A possibilidade de colocar no grande lago de dados tantos as informações modeladas, estruturadas, que foram tratadas previamente para se adequar a um determinado formato, quanto aquelas que não receberam tratamento é um diferencial importante desse paradigma. “Isso permite que outras organizações, que são nossos clientes, não precisem desenvolver sistemas para estruturar dados. Elas vão precisar de pessoas com conhecimento em ciência de dados, mas não, necessariamente, desenvolvedores. É um salto muito grande, tanto para nossos clientes quanto para nós. Já temos muito caminho andado; por outro lado, Big Data ainda não é uma realidade para a totalidade de nossa empresa. Mas o sentido que se aponta para o futuro, neste momento, é esse”, afirma.
Quatro perguntas
No início, eram apenas quatro perguntas: “Quero saber quem recebe Bolsa Família e é servidor público; quem recebe Bolsa Família e é proprietário de veículo; quem recebe Bolsa Família e é empresário; quem recebe Bolsa Família e consta nos registros públicos como pessoa falecida”. As interrogações eram necessidades básicas de um órgão como o Ministério do Planejamento (MP), e chegaram em forma de demanda ao Serpro, há cerca de dois anos.
O problema era que as respostas esbarravam na questão de grandeza, dependiam do cruzamento de vários bancos formados por milhões de dados: 14 milhões no caso do Bolsa Família, outros muitos milhões no caso dos proprietários de veículos, e assim por diante.
A solução foi recorrer a Big Data, a plataforma capaz de operar comparando dados massivos. “Já tínhamos algum estudo sobre o assunto, especialmente em plataformas de desenvolvimento para dados em grande escala. Havíamos preparado alguns ambientes, mas foi a partir da necessidade posta pelo MP que adotamos de fato essa nova plataforma no Serpro”, relembra Rodrigo Hjort, um dos responsáveis pela prospecção de novas tecnologias no Serpro.

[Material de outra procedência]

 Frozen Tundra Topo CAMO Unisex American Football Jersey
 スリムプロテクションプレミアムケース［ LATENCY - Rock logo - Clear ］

“Tínhamos uma reunião semanal com representação de diversas instituições públicas, como Dataprev, Ipea e Ministérios do Planejamento, do Desenvolvimento Social, e do Trabalho. O Planejamento viu nessa dinâmica uma oportunidade de oferecer a vários outros órgãos do governo essa possibilidade de operar dados massivos, e daí nasceu o GovData: cada uma das entidades que aderir pode fazer uso das bases de dados existentes. A autorização para a disponibilização dessas ferramentas é simplificada e, a partir da associação, muitas outras questões do serviço público poderão ser resolvidas”, destaca Rodrigo.
Vida mais fácil e economia
A integração dos dados no GovData possibilitará não apenas que fraudes sejam descobertas, mas também, na outra ponta, que o serviço público não exija da pessoa honesta uma série de comprovações já fornecidas para o próprio Estado. Por exemplo, ao tirar passaporte, não seria mais necessário que o cidadão apresentasse documentos com informações que já são de conhecimento de órgãos públicos, como os comprovantes de quitação de serviço militar e da justiça eleitoral. Gradativamente, o mesmo ocorreria na emissão de outros documentos.
Estima-se que o GovData propicie economia de cerca de R$ 20 milhões anuais ao Ministério do Planejamento com custos de armazenamento, processamento e análise de dados. Nada mal para uma tecnologia que, de quebra, promete ampliar conhecimentos, facilitar a vida dos gestores públicos e diminuir as exigências burocráticas rotineiramente impostas a brasileiras e brasileiros.